For anyone who thinks that these close ties between government and the military industrial complex were the preserve of Blair’s and Bush’s administrations, Feinstein has words of warning: Hillary Clinton has received more money in donations from arms companies than any other candidate in the early stages of this election and by its end will likely have received more than any other candidate in history.
‘Aren’t you a little bit . . . scared? These are powerful people you are talking about.’ Being high profile, Feinstein replies, gives him protection. He mentions one hand-delivered death threat from an arms dealer but states that governments generally just hope he will be quiet. It’s the whistle blowers, he says, who are the ones who risk everything. Chillingly, Feinstein points out that the Obama administration has prosecuted more national security whistle blowers than all other previous administrations in the US put together. ‘They are the people who are letting us glimpse behind the secrecy curtain and do this sort of work. They are the real heroes.’

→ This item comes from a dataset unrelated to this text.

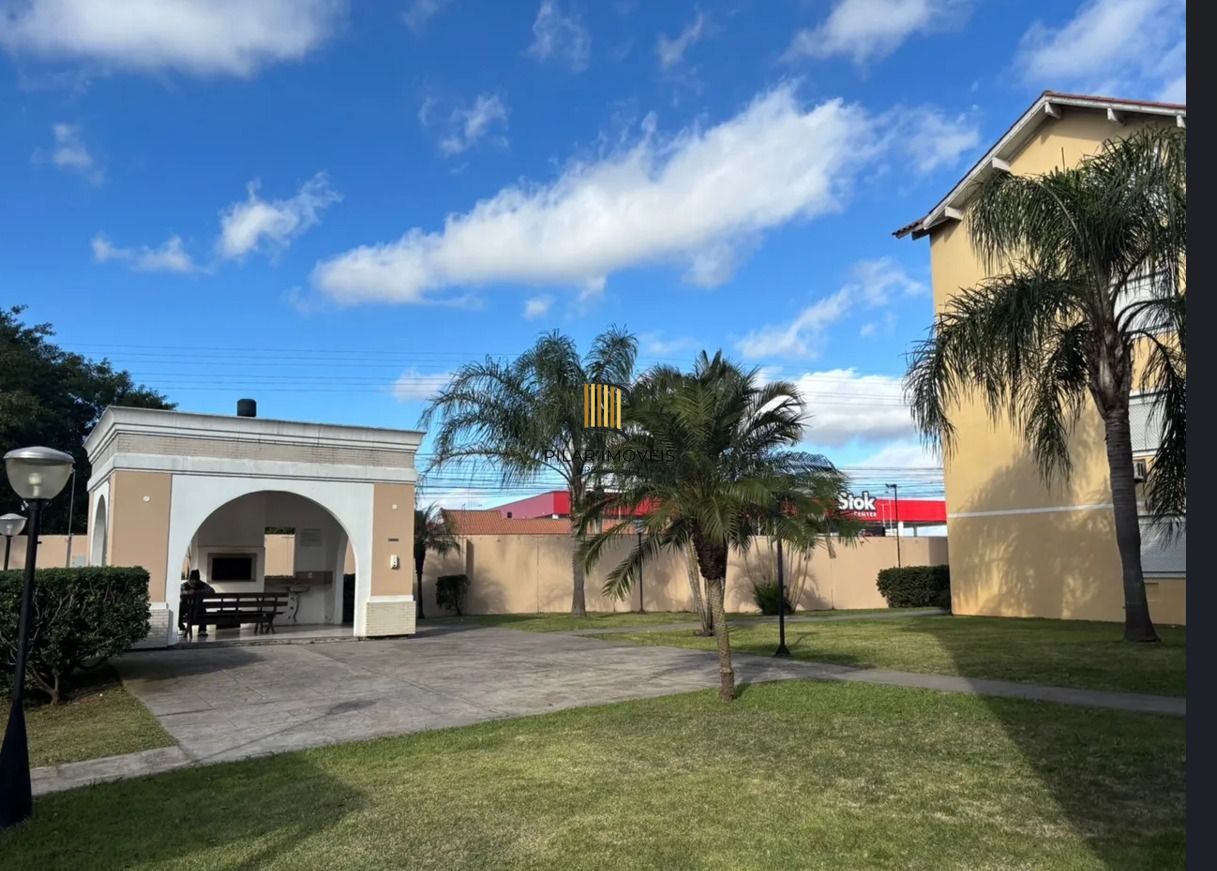 Apartamento de 2 dormitórios vaga e infra em Canoas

For those of us feeling a mixture of rage and despair right now, is there anything that we can do, I ask. Yes, lots, is the reply.
We can call on councils and universities to stop investing in the arms trade. ‘They invest huge amounts of money in defence companies, because they say they get quite good returns. Now the reality is’ Feinstein comments, ‘when these companies do get good returns it’s because there is so much public money being invested in them in the first place; tax payers’ money’.
We can get involved with CAAT (Campaign Against Arms Trade) who run a series of campaigns. Right now they are arguing in court that the British Government is breaking its own laws by exporting weaponry to Saudi Arabia because Saudi Arabia is using that weaponry in bombing Yemen.
From October, there will be a series of campaigns, one of which will be around the purchase of the F35 jet, costing the US taxpayer $1.5 billion to build and maintain, and which, according to Feinstein, many defence experts deem to be completely inappropriate to any current conflicts or conflicts likely to be fought for generations to come ‘It really is the poster child of fruitless wasteful expenditure that keeps this money in circulation’.
What he is really interested in now is using the film to start a series of political discussions about the choices governments make and how ordinary citizens can affect those choices and about the nature of transparency and accountability. He has just got back from South Africa where they took the film to film festivals and townships and informal settlements. ‘Security isn’t just about conflict, it is about sustainable development, economic sustainability, and less inequality as all of these things reduce the likelihood of conflict and contribute as much to security as the size of your military.’
The film’s website: shadowworldfilm.com lists a number of the groups working on these issues. Feinstein says that anyone interested should join the mailing list and is welcome to contact him though the site.
Update:
On 10th July 2017 the High Court decided that the government’s decision to arm Saudi Arabia is lawful, but CAAT intend to appeal this judgement. Some of the evidence in the case was presented in sessions closed to CAAT, the press, and the public, on national security grounds.
On the other side of the Atlantic, Trump, in Feinstein’s words, ‘has taken the arms trade craziness a step further by implementing a significant increase in defense spending and concluding a mammoth $110 billion arms deal with Saudi Arabia (which could rise to $300 billion), despite the Saudis continue to murder innocent civilians in bombing raids in and blockades of Yemen’.